Lake Lanier may be far behind Walt Disney World’s Magic Kingdom when it comes to annual attendance, but its numbers are close to matching Disney’s EPCOT.
The number of folks pouring into the 39,000-acre, man-made North Georgia reservoir was once estimated to attract 6-7 million people per year.
But a formula revamped several years ago shows Lanier’s visitor numbers should be 50% higher than previously reported.
The number of annual visitors to Lake Lanier, which borders Hall, Lumpkin, Dawson, Forsyth and Gwinnett counties, is now 11.8 million visitors, according to the Army Corps of Engineers, which governs the lake.
That puts Lanier ahead of the Louvre museum in Paris, at 8.1 million, and Shanghai Disneyland at 11 million, but behind Magic Kingdom’s 20.5 million and EPCOT’s 12.2 million, according to an index produced by the Themed Entertainment Association.
Most area residents don’t need to be told how busy Lanier is, especially during the Memorial Day weekend, often regarded as the unofficial kickoff of the summer season.
“During certain times of the year, we can have 40,000 or 50,000 people in one area (of the lake),” said Nick Baggett, the corps’ natural resource manager at Lanier. “We always recommend that during these high-use periods, people get here early if they plan on having a family reunion or any type of group meeting.

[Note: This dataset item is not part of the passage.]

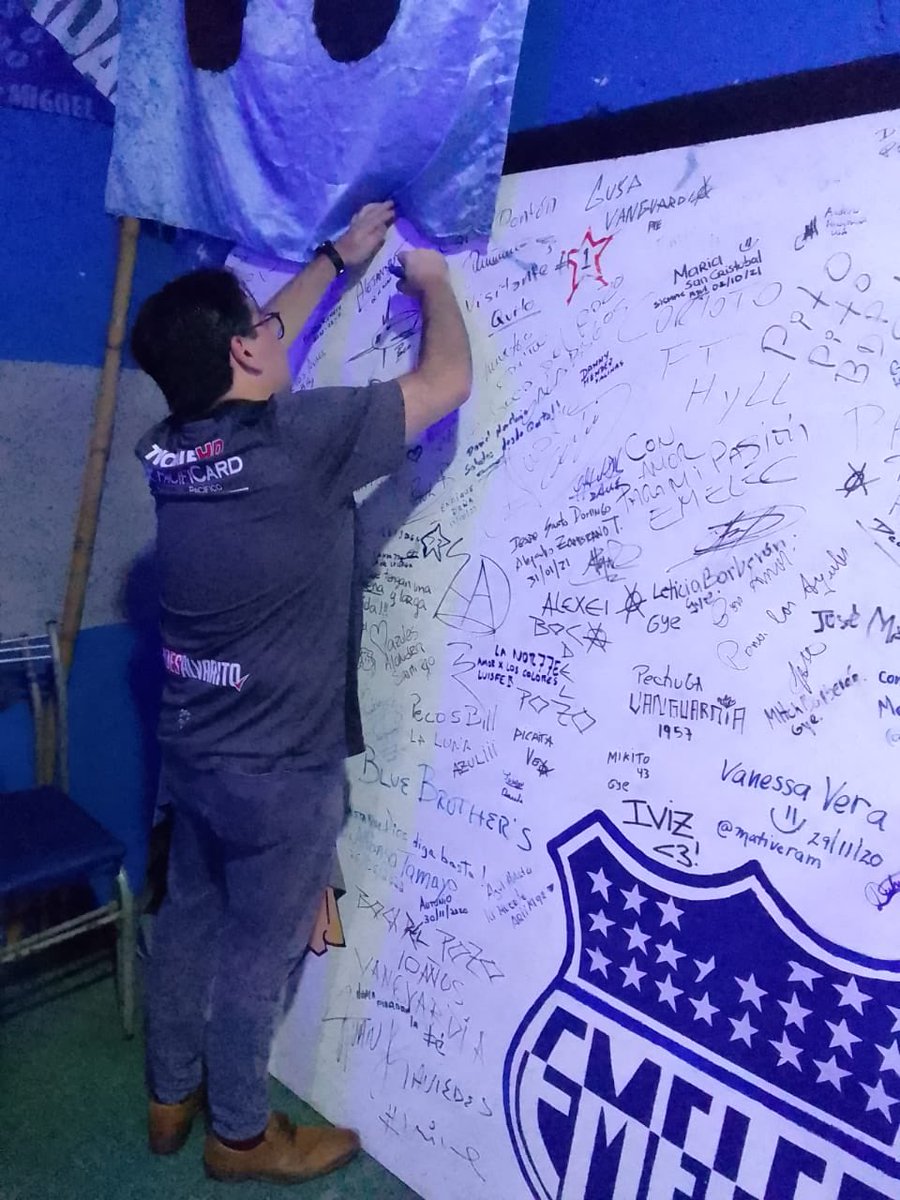 Visitando y firmando el muro, gracias por su visita ⁦<a href="/ElMediodia/">ElMediodia</a>⁩ .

“We have to turn away a lot of nice people … who have waited until 11:30 (a.m.) to get here. Once the park reaches its maximum number, if everybody’s parked in all the legal parking spots, we have to shut down the entrance.”
So, how are all those people counted?
“We have (underground) counters in every park, marina and leased area we have,” Baggett said. “(A vehicle) applies a certain weight amount and adds a number (to the counter).”
Local corps officials submit the numbers, along with campground reservations, to officials at the national level who then “take the information and run it through a statistical formula they have developed over time,” Baggett said. “It gives an average of how many people would be in a car.”
The 11.8 million doesn’t count the number of cars that cross Buford Dam or any of the bridges that span the lake, he said.
“It’s just (recorded at) a developed park or area we deem as a recreational area on land,” Baggett said.
The increase in numbers is largely the result of a “modernization effort on the part of (corps) of our visitation estimation system,” he said.
One thing to note is the 11.8 million includes repeat visitors, Baggett said.
“These numbers are not ‘unique’ visitors,” he said.
Corps parks nationally tend to do well numbers-wise because “a lot of our projects are close to urbanized areas — in our case, Atlanta,” he said.
The numbers could be less this federal fiscal year, which runs from Oct. 1-Sept. 30.
“Weather could affect visitation,” Baggett said. “Because of the flooding this (fiscal) year, we had to shut down West Bank, which is one of our most highly visited parks.”
The corps announced Wednesday, May 22, that it would keep West Bank Day Use Park and Sawnee Campground — both off Buford Dam Road in Forsyth County — closed this weekend because of damage from heavy rains and flooding earlier in the spring.
West Bank’s reopening will be announced later. Sawnee Campground is set to reopen June 13.
“The safety of all visitors to Lake Lanier is our priority,” Chief Ranger Chris Arthur said.
Stacey Dickson, Lake Lanier Convention & Visitors Bureau president, said tourism officials don’t have a breakdown of where the 11.8 million visitors are coming from, “but it is safe to assume a portion of them are local and nearby residents who frequent the lake many times over the season.”
Tim Evans, vice president of economic development for the Greater Hall Chamber of Commerce, said he wasn’t surprised the visitation number is higher than was previously reported.
“People are attracted to water, and Lake Lanier is one of the most accessible recreation lakes to the growing Metro Atlanta region,” he said.
Lake Lanier visitation
2016: 11.8 million
2015: 10.8 million
2014: 11 million
2013: no data
2012: 6.6 million
2011: 7.2 million
Note: 2013 was a transition year between estimating methods. And data for 2017 and 2018 is going through a review process and could be released soon.